Monday, October 05, 2009

7153: Not Mad About Mad Men.


From The Chicago Tribune…

‘Mad Men’ may be can’t-miss for some, but not for me

By Barbara Brotman

So did you see it last night? Wasn’t it incredible? The symbolism, the depth, the riveting insights into the rootless and restless nature of 20th century America.

Oh, who am I kidding?

Prepare to hoist your nose in the air and look down it at me. I am a lone wolf, an outcast at the Monday morning water cooler, a wallflower at the TV show orgy. OK, I’ll say it:

I don’t like “Mad Men.”

Yes, that two-time-Emmy-winning dramatic series set in the world of a New York advertising agency in the early 1960s. The one that has had critics scrambling for superlatives. “Legendary.” “Can’t-miss.” “Exquisite.” “Brilliant.”

The majority of the TV-watching public has declared it “can miss, easily.” Its audience of 1.9 million is dwarfed by the 16.7 million viewers who tune into “Dancing With the Stars.” But the Mad Meniac minority is a fierce and somewhat haughty tribe. Tell them you don’t like the show, and you can almost see them checking off the little box in their heads saying, “moron.”

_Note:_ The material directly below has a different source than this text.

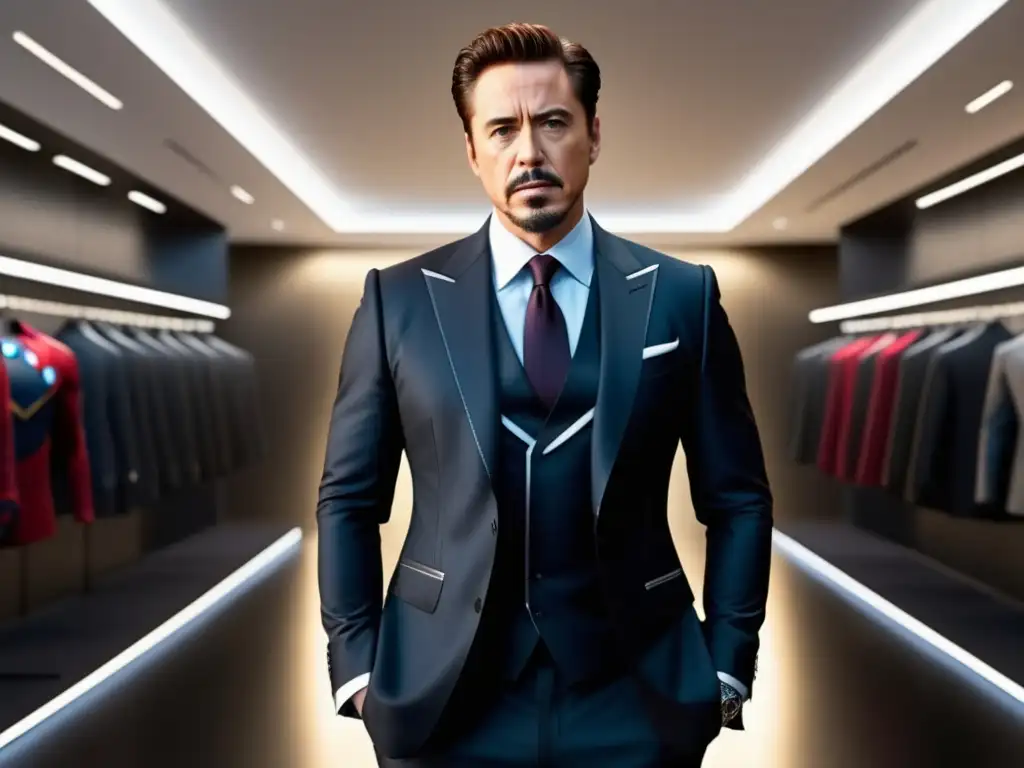 Tendencias moda masculina Marvel: traje negro con logo de los Avengers, camisa blanca, pañuelo rojo, guantes de cuero negro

But full speed ahead and damn the torpedoes. I don’t like “Mad Men” because I find the characters—a mean collection of liars and cheats who defy my attempts to care about them—repugnant.

Some devotees apparently conclude that I am just a person who should stick to simpler fare. “For you, there are Disney movies,” sniped a colleague.

Look, I get the concept of the flawed hero. But in order to have a flawed hero, you need the hero part. A character doesn’t have to rescue a puppy from a burning building, but how about the occasional shred of loyalty or honesty? Instead, we get Don Draper bravely telling his agency’s bean counter to stop nickel-and-diming his creatives over their use of office supplies. Wow—a profile in courage.

Nasty worlds can indeed be riveting, as David Mamet has often proved. But for me, “Mad Men” is just nasty.

I’ve tried. God knows, I’ve tried. It’s no fun to be left out of a cultural phenomenon.

Friends have tried to help. “You have to go back and watch all of the first and second season,” one counseled.

So my husband and I set ourselves to doing our TV homework. After the first episode, he turned to me and said, “Are we done yet?”

I wasn’t. Determined to find out what I was missing, I kept watching and waiting for the magic.

Nothing.

I have consoled myself with the rare kindred spirit. My friend Beth, a marketing firm vice president with more than a passing interest in the world being depicted, can’t force herself to watch the show. There are no heroes to root for, she said; women are badly treated; women are cruel to other women; and the characters are one-dimensional, that dimension being woman-hating.

“How can I find that appealing when I’m being attacked by it?” she said. “I want to like it—it is stylish. I just can’t put up with it.”

Someone else I respect dislikes it, too, someone with the street cred of having actually been a female copywriter for Madison Avenue ad agencies in the 1960s—my mother, who worked as a copywriter in New York for more than 40 years.

The show “treats people with contempt,” she said. It heaps indignities on them and shows them as willing to take it, she said, which she considers an unrealistic portrayal of a business known for big egos.

She feels no kinship with Peggy, the female copywriter on the show, especially after the episode in which Peggy picks up a city college student for a one-night stand and treats him shabbily.

And fierce feminist though she is, the show’s depiction of the mistreatment of women does not ring true to her. She found advertising a beacon of opportunity for women. “It was a place where a woman could get a toehold and, if she had confidence and talent and brass, she could succeed,” she said.

But to each of us our own response to the show. And even though mine is not yet one of affection, I’m not completely indifferent to its characters’ fates. I hope the men get syphilis and the women burn their torpedo bras. But how long am I willing to wait for such a payoff?

A little while longer, at least. For one thing, my lonely stance threatens to become a lot lonelier. My husband, who works in a den of Mad Meniacs, has begun to sip the Kool-Aid, if not the dry vermouth. “I’m going to watch my new favorite TV show,” he announced the other night before queuing up another recorded episode.

And et tu, Mom? After we watched the show together last week, she confessed that she wondered what would happen next.

“It’s addictive,” she conceded.

Perhaps it may yet be for me. We’ve placed the next order on Netflix. I’m still trying.